A vida dos outros é um assunto muito interessante. Não para crônicas ou conversas, que aí seria de mau gosto. A vida dos outros é um bom tema para observação, para distração, para aprendizagem. Sem julgamentos, apenas fluição. Da imperatriz Sissi ao vizinho que vejo da minha janela, do escritor argentino ao jogador de futebol português todos fornecem histórias que posso reprisar mentalmente vezes infinitas, tentando entender, desvendar os mistérios.

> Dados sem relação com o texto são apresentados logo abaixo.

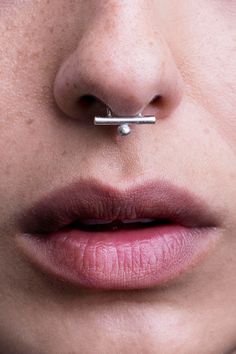 a woman's nose with a piercing on it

Acho que prestamos atenção à vida dos outros para tentar compreender a nossa. Às vezes para nos reassegurarmos de que fizemos as escolhas certas e às vezes para viver outras vidas. Principalmente, para viver outras vidas, que uma só é pouco.

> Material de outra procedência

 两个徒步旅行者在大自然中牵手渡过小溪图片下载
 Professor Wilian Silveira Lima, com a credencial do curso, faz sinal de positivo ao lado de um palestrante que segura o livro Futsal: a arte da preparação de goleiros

Na minha vida nunca fui imperatriz dos austro-húngaros nem passei os verões galopando na Bavária. Não caminhei por uma Buenos Aires repleta de imigrantes que dançavam em tabernas nem me abriguei em Genebra para viver um grande amor. Por tudo o que não posso ter, me interessa a vida dos outros.
Tenho poucas biografias na estante, apesar de a vida alheia me interessar imensamente. A de Jorge Luis Borges, por exemplo, me rendeu muitas horas de viagem. Tudo era difícil para Borges, o gênio argentino, que não foi bem-sucedido na escola nem na vida profissional nem na vida amorosa. Um episódio em especial me impressionou. Amigos lhe arranjaram um emprego em uma biblioteca de bairro. Um dia, os outros funcionários encontraram no acervo livros de um autor chamado Jorge Luis Borges e comentaram com ele: "Veja só, um escritor com o seu nome!" Nem suspeitavam que o colega era o escritor, já consagrado nos círculos literários. O fim da vida trouxe consolos, apesar da cegueira. Borges finalmente foi feliz. Fiquei feliz também.

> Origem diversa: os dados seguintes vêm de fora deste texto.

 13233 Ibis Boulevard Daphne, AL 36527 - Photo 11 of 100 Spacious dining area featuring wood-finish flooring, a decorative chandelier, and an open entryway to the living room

Cheguei à Sissi através de seu desafortunado marido. Francisco José, o imperador Habsburgo. A esposa foi assassinada, o filho se suicidou, o sobrinho e herdeiro foi morto pelos sérvios em Sarajevo. Deve ter sido um alívio para o velho imperador morrer, em meio à Primeira Guerra Mundial, e não assistir, completamente sozinho, ao desaparecimento do império. Não encontrei na vida de Francisco José motivos para ser feliz.
Abrir um livro de ficção é abrir outra porta para a vida alheia. Vidas imaginárias, amigos imaginários que nos acompanham por alguns dias ou para sempre. Quando eles se vão (porque o livro voltou para a estante), ficam saudades, às vezes um vazio. Tão forte é essa necessidade de experimentar as existências que nunca tivemos que inventamos a tecnologia da ilusão. O que é o cinema, se não o milagre que nos transforma em mosquinhas que viajam no tempo e entram na casa dos outros, nos campos de batalha, nas alcovas dos apaixonados, nas ruas de Nova York em que caminha um mafioso.
Tudo culpa da nossa imaginação, da nossa inteligência, que precisa dessas pregas no tempo e no espaço para escapar do corpo e viver um pouco mais. Emprestamos a vida dos outros para ir além da nossa. Não como expressão de descontentamento com o que temos, mas reconhecimento de que a mente pode mais do que o ambiente nos fornece.